Co.Down is possibly the major County in Northern Ireland and incorporates parts of the cities of Belfast, Lisburn and Newry.

Many might consider that County Down should have Downpatrick as the major town but through the years it has been overtaken by other towns which have become commuter towns for people who travel to the capital city for work each day.
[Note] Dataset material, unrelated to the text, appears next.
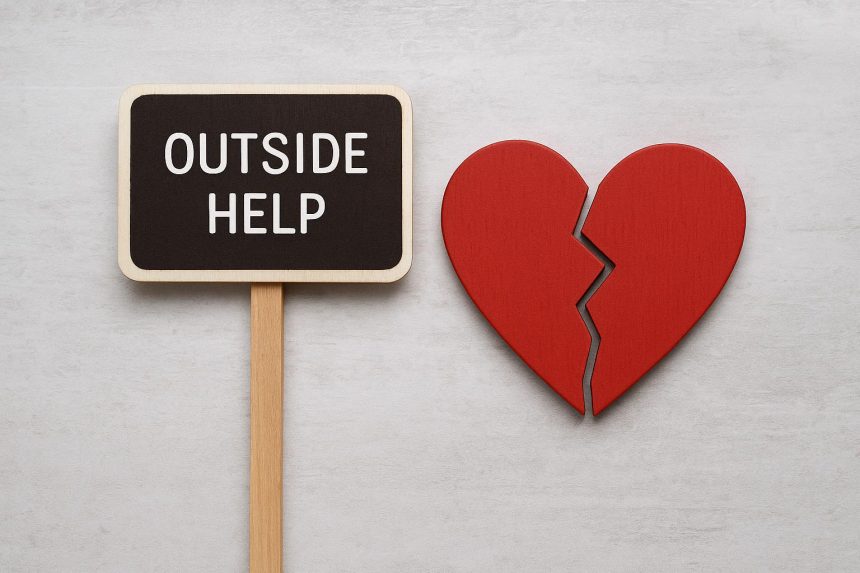 Couple sitting apart on sofa, looking concerned, showing tension in romantic relationship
Saint Patrick, the patron saint of Ireland is buried in Downpatrick and visitors to the Saint Patick Centre can learn of his life in greater detail than we could post here.

   

 

 Visitors to Downpatrick might also visit Inch Abbey a large, ruined monastic site 0.75 miles north-west of Downpatrick, County Down, Northern Ireland, on the north bank of the River Quoile in a hollow between two drumlins and featuring early Gothic architecture.  

 

  The Downpatrick & County Down Railway is a heritage railway in County Down, Northern Ireland. The project is based at Downpatrick, on part of the former route of the Belfast & County Down Railway.

The railway, which has a triangular layout, connects two local tourist attractions, Inch Abbey to the north, and a locally famous Viking site (‘King Magnus‘ Grave’) to the south. An aspiration exists to reach an 18th-century corn mill to the West near the Ballydugan Lake. It is the only operational Irish standard gauge (5′ 3″) heritage railway in the whole of Ireland.